Search billions of records on Ancestry.com

Phoebe Elston Brady, 1790 -- 1882

Home  |  Biographies and Stories Contents


Phoebe Elston Brady, a pioneer in the fullest sense of the word, was born in Sussex County, New Jersey on April 13, 1790. She died in Darke County, Ohio March 22, 1882. Her parents were William and Elizabeth (Walling) Elston. Her father was born in New Jersey in 1763; her mother was a daughter of Peter Walling, who was a native of Holland. (Peter Walling is said to have left his plow and horses standing in the field when he joined the army, fighting and dying in the struggle for freedom.) She married James Brady Feb. 9, 1811. He was born in 1787 in New Jersey and died in 1838.

They started for the West May 28, 1816, and finally settled on the northeast quarter of Section 26 in Washington Township, Darke Co., Ohio March 2, 1817. This place, located five miles west of Greenville, was their home for the rest of their lives. At that time there were only two other settler families in the area who had come only a year or two earlier.
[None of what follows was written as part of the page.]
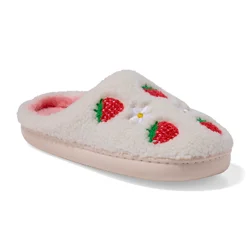 Falls Creek Womens Halley Slipper, White, Small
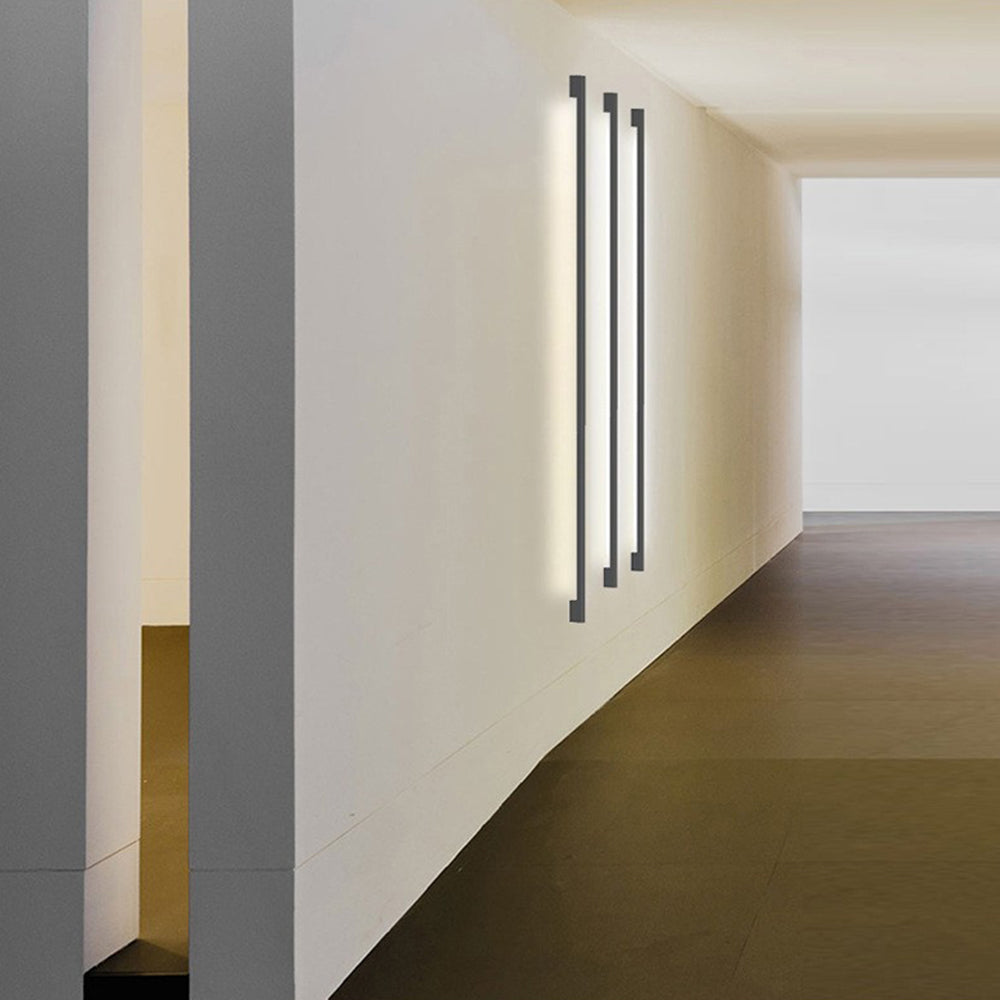 Edge Modern LED Wandlampe Schlank Linear, Schwarz, Wohnzimmer/Innen, Metall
Phoebe’s husband died at the age of 50 years, leaving her to live in the woods for 43 years with their children. The area at that time was a wilderness lined with Indians and wild animals. She often told how she kept friendly relations with the Indians by feeding them. She lived alone in the forest with her nine children, ranging in age from 29 to 5 years at the time James died.
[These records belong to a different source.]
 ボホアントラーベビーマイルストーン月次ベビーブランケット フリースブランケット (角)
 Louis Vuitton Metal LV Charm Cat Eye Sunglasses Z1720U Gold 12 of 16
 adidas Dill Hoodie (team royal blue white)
She is said to have smoked a pipe for more than forty years and to have drunk no cold water for the last thirty years of her life. She joined the Baptist church in Wantage, NJ and remained a member of that denomination for sixty-six years. She was buried in the Snell graveyard at Sharpeye, Ohio.

We have an excellent portrait of Phoebe. This portrait was made by Elijah V. Mote, teacher-physician-photographer, who married Amanda Hayes, a granddaughter of Phoebe. We feel fortunate to have such a fine portrait of a person born only fourteen years after the beginning of the Revolutionary War.